The Geologic History of Submarine Fans in the Deepwater Gulf of Mexico: Mesozoic to Modern

Session:
GCAGS Education/Leadership Forum 2.0: Foundational Talks for the Gulf of Mexico I (GRBCC, General Assembly Area A)
Tuesday, September 22, 2015, 11:00 am

Abstract:
Submarine fans are among the most important reservoirs in the prolific Gulf of Mexico Basin and are known from industry drilling and seismic data to be contained within strata extending from the Mesozoic to modern. However, little has been published on how these systems evolve over this time frame, responding to extra-basinal factors like tectonics, climate, sediment discharge, etc. A comparison of Mesozoic age submarine fans with those of the most important Cenozoic fans in the Gulf reveals important new insights into the basin formation and evolution.

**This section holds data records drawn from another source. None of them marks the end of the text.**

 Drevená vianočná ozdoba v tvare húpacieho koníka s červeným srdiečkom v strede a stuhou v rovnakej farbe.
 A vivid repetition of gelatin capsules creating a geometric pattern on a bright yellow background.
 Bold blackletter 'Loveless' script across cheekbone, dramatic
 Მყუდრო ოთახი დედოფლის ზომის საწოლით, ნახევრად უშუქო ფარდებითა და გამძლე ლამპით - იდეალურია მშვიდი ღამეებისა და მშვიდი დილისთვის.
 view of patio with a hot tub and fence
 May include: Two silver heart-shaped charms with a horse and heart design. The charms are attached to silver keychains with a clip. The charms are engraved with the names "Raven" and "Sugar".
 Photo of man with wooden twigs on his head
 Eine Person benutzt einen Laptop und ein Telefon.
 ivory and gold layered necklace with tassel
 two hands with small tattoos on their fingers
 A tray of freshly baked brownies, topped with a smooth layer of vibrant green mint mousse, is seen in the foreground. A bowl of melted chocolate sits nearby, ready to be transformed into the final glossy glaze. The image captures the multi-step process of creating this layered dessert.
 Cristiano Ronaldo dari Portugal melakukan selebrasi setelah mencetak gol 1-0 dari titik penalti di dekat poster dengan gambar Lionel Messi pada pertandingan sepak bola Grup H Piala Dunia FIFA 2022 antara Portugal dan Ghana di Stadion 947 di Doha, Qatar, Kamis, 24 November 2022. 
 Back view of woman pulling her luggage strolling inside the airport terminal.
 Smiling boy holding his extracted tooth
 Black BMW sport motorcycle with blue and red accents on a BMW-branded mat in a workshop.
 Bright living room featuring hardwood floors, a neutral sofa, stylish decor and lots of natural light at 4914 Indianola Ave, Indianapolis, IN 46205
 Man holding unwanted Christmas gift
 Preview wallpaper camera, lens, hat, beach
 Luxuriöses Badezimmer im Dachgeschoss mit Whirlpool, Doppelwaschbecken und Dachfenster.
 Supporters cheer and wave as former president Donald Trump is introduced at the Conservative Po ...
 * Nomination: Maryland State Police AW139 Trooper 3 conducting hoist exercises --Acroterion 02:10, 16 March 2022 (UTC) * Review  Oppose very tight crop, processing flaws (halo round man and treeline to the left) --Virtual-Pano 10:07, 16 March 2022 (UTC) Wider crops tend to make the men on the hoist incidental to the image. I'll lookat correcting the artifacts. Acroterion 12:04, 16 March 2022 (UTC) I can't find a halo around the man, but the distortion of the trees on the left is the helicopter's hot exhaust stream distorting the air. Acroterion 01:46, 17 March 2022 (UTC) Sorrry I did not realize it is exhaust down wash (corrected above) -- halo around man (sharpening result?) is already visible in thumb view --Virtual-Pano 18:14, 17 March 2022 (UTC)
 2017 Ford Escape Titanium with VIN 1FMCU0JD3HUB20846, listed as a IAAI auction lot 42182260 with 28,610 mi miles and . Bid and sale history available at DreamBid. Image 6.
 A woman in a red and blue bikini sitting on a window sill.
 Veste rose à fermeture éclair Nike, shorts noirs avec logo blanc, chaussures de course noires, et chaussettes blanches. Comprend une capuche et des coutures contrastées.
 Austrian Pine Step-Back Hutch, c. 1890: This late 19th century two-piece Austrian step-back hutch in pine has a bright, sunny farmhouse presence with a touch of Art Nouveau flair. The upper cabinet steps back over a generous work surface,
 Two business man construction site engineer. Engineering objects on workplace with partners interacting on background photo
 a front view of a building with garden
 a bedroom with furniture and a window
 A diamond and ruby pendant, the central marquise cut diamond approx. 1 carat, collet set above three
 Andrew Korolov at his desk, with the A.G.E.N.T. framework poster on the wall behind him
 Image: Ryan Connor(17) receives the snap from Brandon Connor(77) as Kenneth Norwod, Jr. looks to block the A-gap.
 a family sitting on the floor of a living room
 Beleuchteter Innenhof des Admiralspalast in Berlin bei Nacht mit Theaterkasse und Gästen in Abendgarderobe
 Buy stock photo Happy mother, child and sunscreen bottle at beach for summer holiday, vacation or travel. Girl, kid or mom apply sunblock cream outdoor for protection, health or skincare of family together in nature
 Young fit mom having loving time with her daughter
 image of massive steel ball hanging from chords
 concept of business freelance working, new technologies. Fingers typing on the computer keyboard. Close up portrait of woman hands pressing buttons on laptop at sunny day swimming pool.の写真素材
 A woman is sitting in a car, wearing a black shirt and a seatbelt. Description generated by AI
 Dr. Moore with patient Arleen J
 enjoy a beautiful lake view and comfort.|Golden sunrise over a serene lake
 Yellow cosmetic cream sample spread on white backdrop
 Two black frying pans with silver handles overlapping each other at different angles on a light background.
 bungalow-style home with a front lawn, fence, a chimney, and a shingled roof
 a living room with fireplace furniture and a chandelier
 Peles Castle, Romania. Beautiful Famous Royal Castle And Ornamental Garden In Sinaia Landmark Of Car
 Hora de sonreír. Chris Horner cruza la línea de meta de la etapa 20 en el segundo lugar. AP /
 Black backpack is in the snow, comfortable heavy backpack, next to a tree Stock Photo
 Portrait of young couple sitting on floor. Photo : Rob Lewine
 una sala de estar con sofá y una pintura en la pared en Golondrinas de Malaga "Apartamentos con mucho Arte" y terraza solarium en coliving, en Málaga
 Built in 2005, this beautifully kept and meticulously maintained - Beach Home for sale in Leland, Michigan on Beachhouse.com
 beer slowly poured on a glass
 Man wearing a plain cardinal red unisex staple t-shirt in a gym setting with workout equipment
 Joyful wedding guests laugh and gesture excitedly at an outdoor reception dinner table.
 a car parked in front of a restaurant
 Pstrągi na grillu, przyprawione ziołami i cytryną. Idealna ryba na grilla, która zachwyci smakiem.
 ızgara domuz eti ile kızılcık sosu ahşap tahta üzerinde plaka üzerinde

We interpret the newly formed basin, just after termination of Callovian salt deposition, to be rather shallow but not entirely terrestrial. The initial middle-Jurassic low-dipping ramp from land to sea transitioned into a shelf-slope-basinal profile, with sea floor spreading ranging in age from Kimmeridgian to Berriasian. This in turn provided impetus for development of the earliest poorly organized submarine aprons in the late Jurassic and early Cretaceous. These eventually evolved into submarine fans but their sizes were constrained by rather short river lengths until reorganization of North American drainage systems in the mid-Cretaceous. Mapping major sand-prone fairways reveal that most of the Mesozoic slope and basin systems were fed by eastern North American source terrains. Siliciclastic delivery into the basin was also hampered by reef blocking, as large rimmed shelf reef systems of Barremanian to Albian age restricted sediment bypass to a few discrete basin entry points.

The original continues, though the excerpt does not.